Your task: Scan the records below and report how many lines include the string "Ford"; the number alone will do.
=== Dataset content ===
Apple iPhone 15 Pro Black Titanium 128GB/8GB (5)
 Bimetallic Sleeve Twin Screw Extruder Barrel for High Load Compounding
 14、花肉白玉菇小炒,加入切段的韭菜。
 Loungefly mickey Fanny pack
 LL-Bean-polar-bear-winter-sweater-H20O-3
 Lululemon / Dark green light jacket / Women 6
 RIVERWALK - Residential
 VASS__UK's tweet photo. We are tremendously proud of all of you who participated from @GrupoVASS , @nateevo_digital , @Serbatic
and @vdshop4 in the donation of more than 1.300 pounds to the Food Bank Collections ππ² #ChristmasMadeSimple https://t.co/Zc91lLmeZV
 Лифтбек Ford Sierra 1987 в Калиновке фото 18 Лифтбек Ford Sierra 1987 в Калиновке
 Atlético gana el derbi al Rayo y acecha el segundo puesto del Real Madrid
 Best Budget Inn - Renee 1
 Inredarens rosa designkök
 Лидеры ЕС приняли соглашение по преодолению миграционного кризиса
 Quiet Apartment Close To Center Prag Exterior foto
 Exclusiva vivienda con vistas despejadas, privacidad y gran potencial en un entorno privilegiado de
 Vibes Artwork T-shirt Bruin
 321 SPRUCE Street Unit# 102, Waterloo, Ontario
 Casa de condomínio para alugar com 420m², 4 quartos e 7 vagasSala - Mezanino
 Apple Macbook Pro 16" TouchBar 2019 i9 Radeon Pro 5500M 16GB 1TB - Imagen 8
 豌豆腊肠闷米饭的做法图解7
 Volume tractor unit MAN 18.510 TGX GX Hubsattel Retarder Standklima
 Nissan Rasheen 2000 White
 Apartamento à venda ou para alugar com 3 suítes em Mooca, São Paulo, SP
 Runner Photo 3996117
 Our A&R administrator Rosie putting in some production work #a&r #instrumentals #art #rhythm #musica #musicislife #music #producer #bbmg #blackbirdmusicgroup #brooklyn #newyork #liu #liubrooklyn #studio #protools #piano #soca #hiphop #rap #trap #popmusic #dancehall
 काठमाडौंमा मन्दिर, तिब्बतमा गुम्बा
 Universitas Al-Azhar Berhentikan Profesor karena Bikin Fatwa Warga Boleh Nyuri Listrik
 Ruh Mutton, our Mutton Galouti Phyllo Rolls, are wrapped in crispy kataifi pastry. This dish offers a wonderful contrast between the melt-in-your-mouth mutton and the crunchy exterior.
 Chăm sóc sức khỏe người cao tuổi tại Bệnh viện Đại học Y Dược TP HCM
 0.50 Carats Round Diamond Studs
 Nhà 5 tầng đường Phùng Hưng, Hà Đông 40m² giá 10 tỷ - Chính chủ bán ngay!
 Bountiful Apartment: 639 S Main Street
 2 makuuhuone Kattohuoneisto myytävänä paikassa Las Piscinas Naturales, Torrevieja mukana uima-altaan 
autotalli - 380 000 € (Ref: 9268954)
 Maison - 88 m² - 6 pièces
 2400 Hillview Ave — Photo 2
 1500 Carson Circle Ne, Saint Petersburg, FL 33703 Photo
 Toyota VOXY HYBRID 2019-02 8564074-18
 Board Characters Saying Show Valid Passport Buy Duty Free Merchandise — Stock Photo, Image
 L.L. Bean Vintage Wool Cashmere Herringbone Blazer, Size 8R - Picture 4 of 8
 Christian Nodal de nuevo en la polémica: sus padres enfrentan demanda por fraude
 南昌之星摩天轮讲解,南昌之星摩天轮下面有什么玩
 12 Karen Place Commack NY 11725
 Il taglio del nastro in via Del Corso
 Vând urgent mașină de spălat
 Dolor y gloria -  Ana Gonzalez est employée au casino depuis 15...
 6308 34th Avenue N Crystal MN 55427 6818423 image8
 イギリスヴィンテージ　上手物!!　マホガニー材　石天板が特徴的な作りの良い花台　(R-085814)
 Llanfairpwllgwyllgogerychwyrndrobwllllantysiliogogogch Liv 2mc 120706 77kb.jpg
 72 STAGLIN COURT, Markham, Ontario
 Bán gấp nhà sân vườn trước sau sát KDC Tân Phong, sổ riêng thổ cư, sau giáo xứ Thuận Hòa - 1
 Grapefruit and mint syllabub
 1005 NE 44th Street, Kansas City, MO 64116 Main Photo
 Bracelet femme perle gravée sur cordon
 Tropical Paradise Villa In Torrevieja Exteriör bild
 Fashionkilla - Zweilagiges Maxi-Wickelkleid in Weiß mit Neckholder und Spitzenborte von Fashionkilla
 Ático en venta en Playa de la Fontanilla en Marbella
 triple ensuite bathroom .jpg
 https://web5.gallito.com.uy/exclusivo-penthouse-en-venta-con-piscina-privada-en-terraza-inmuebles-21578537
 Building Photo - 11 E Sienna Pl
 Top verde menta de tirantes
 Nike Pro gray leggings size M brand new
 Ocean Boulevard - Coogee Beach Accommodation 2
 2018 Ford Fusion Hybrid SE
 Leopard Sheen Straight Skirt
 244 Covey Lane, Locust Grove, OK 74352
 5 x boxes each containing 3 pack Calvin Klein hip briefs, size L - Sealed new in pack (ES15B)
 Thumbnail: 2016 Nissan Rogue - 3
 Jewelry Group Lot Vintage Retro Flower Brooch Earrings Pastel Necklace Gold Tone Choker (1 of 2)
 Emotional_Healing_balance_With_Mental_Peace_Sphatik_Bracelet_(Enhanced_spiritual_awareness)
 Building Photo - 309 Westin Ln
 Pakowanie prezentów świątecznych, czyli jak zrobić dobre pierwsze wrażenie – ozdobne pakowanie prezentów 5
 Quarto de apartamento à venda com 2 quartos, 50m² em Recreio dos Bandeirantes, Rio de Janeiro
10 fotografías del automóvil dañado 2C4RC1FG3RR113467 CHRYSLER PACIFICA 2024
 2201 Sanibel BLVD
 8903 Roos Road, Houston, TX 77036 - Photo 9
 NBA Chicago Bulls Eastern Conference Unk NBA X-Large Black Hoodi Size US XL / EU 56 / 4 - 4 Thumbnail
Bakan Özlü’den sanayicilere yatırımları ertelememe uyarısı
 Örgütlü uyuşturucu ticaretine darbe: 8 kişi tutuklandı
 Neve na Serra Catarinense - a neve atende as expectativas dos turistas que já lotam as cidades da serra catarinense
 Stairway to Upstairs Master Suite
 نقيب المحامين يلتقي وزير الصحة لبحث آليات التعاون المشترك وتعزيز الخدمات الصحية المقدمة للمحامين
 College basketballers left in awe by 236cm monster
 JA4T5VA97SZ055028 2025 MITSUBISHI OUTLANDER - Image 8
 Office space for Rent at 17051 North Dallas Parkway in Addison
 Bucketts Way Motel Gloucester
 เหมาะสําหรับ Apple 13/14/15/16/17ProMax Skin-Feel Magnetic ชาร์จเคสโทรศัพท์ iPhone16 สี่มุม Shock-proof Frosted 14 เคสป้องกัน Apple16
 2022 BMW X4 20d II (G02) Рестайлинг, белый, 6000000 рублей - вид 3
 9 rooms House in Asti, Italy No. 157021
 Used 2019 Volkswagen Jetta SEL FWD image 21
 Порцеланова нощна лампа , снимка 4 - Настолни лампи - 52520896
===
The answer: 2